** EXCERPTED DATA follows **
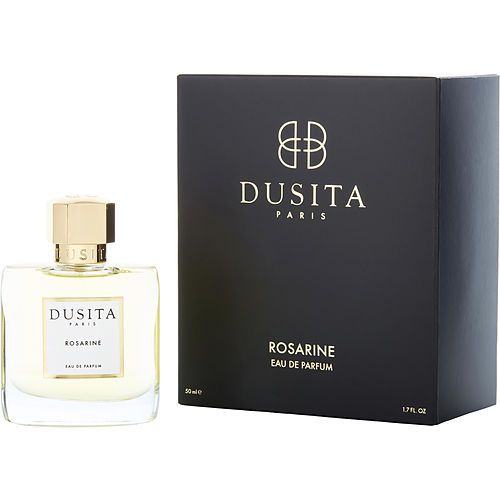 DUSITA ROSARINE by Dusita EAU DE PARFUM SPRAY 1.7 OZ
** End of EXCERPTED DATA **
** EXCERPTED DATA follows **
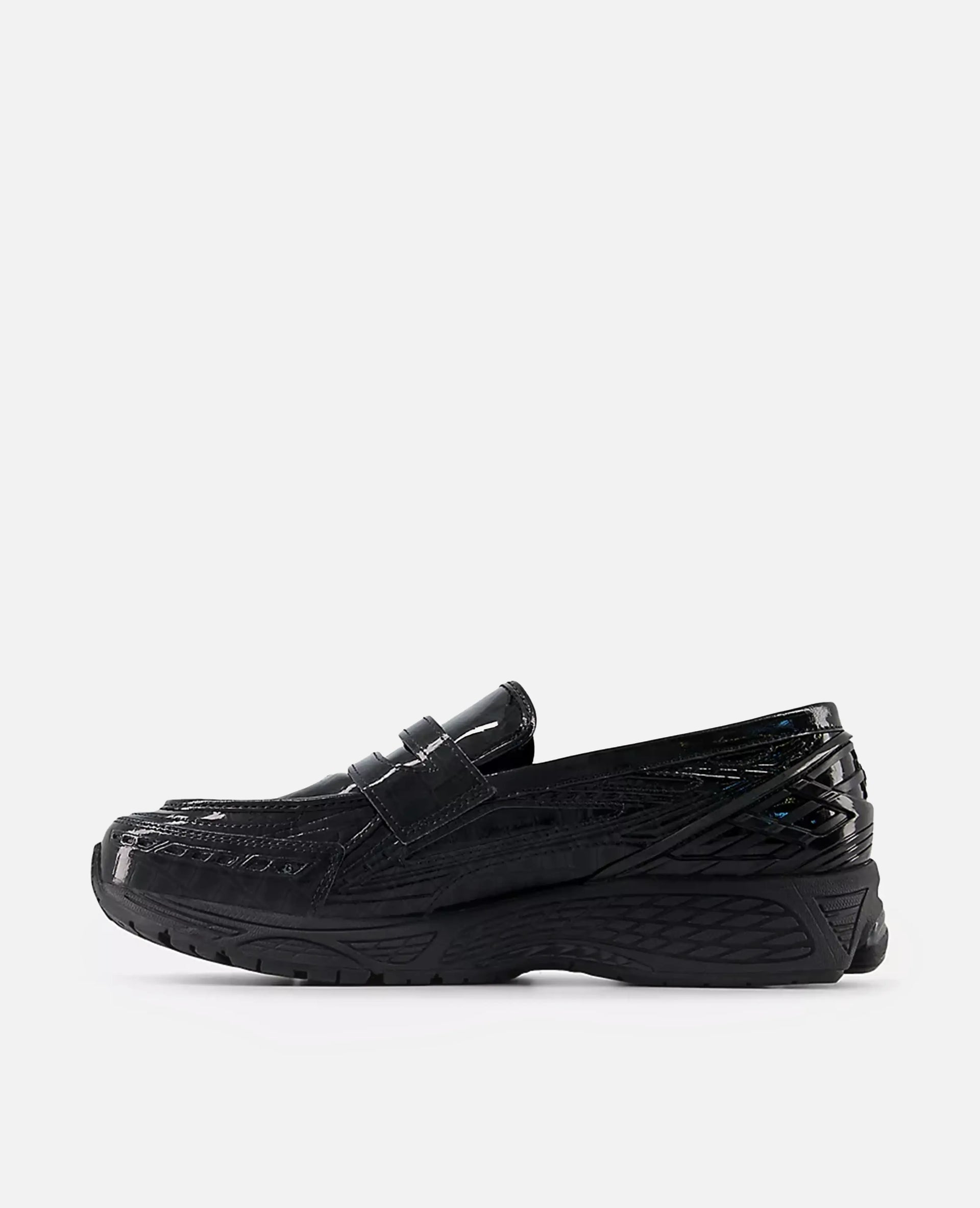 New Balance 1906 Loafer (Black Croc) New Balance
** End of EXCERPTED DATA **
** EXCERPTED DATA follows **
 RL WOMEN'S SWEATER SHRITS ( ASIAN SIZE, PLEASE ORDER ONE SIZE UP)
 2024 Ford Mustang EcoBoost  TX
** End of EXCERPTED DATA **
Above are the entries. Copy exactly the part that opens with the line containing "RL WOMEN'S SWEATER" and closes with the line containing "2024 Ford Mustang", and no more.

ANSWER BOX →
 RL WOMEN'S SWEATER SHRITS ( ASIAN SIZE, PLEASE ORDER ONE SIZE UP)
 2024 Ford Mustang EcoBoost  TX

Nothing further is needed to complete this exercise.